The ability of the blind to mentally reconstruct images from sounds is a remarkable phenomenon that highlights the brain's extraordinary adaptability and the power of the human mind. Although they lack the sense of sight, individuals who are blind have developed an exceptional capacity to perceive and interpret the world around them through their remaining senses, particularly hearing.
Through years of experience and practice, blind individuals learn to differentiate between different sound patterns, allowing them to recognize familiar objects and even people by the unique sounds they emit. For example, they can distinguish the footsteps of a friend from those of a stranger, or identify the distinct sounds produced by different types of vehicles.
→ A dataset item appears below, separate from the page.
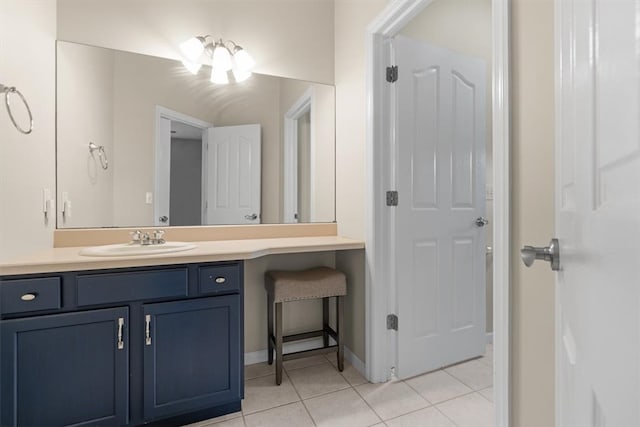 bathroom featuring vanity and tile patterned flooring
This ability to extract meaningful information from sound sources and translate it into mental imagery enables them to build a comprehensive understanding of their surroundings and navigate the world with a remarkable level of independence.
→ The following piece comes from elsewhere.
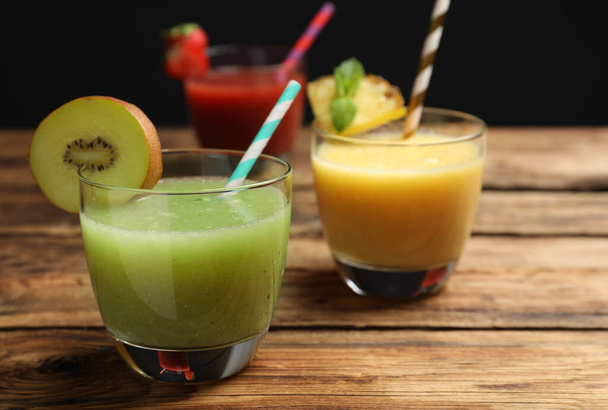 Delicious colorful juices in glasses on wooden table, closeup - Фото, изображение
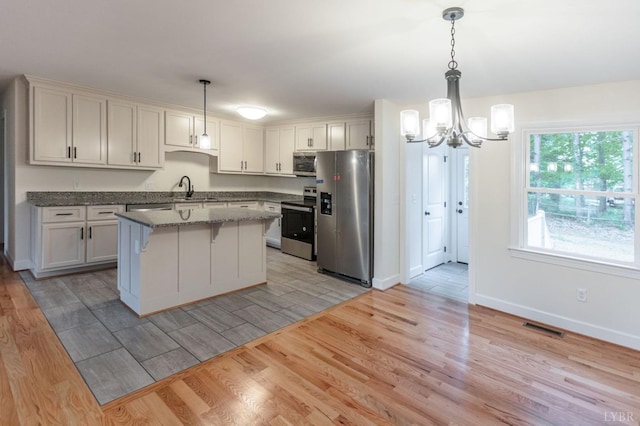 465 Soybean Dr, Appomattox, VA 24522 - kitchen featuring stainless steel appliances, light wood-style flooring, a chandelier, a sink, and a breakfast bar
An artist by the name of Diego Trujillo Pisanty has built a device that he calls the Blind Camera. Rather than sensing light, like a traditional camera, the Blind Camera instead listens to sounds, then translates them into an image representing the scene in front of the device. To be sure, this is by no means the same process an individual with a visual impairment goes through, but perhaps this work of art can give us some appreciation for how these individuals perceive the world around them.
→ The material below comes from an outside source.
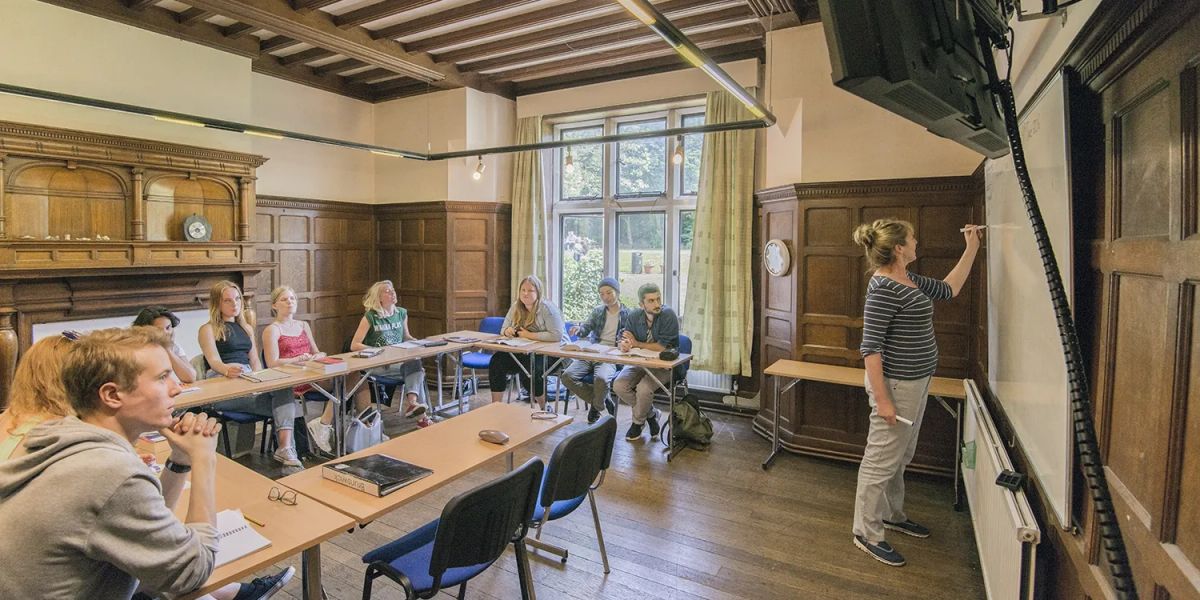 Adult students studying English together in a classroom in the UK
The physical device is reminiscent in design to the instant cameras of a couple decades past, with one significant difference. The Blind Camera also has a large 3D-printed horn attached to it to amplify environmental sounds. On the top, there is also a small display screen that allows the user to see a preview of the image that it produces.
Pisanty is not numbered among the naysayers declaring that generative artificial intelligence is going to destroy art; rather, he recognized that it can enhance his creativity. He embraced the technology and leveraged it to great effect in building the Blind Camera. A custom artificial neural network was developed that can accept an audio recording, then generate an image consistent with those sounds.
To train the model, a number of videos were recorded around Mexico City (if you live in another part of the world, your mileage may vary using the device). Each frame of the video was associated with the previous second of captured audio. This dataset was used to train a model that was capable of encoding the sound, then decoding it back into the matching image. A second generative network was developed, and it would be shown the results of the previous network. If this second network was not convinced that the image was an actual photograph, the first network would have to try again to improve its performance in producing realistic scenes.
The models were trained on a computer with an NVIDIA GeForce RTX 3080 graphics card using Python 3 and TensorFlow 2. It was then optimized to run on a Raspberry Pi 3B single-board computer, embedded within the Blind Camera, using TensorFlow Lite. This resulted in a lightweight, standalone “camera” that can generate images representing the sounds it hears with the push of a button. The results, as you might expect, are far from a perfect copy of the actual imagery, but hey, this is art! It is a very interesting and thought-provoking project, and well worth checking out.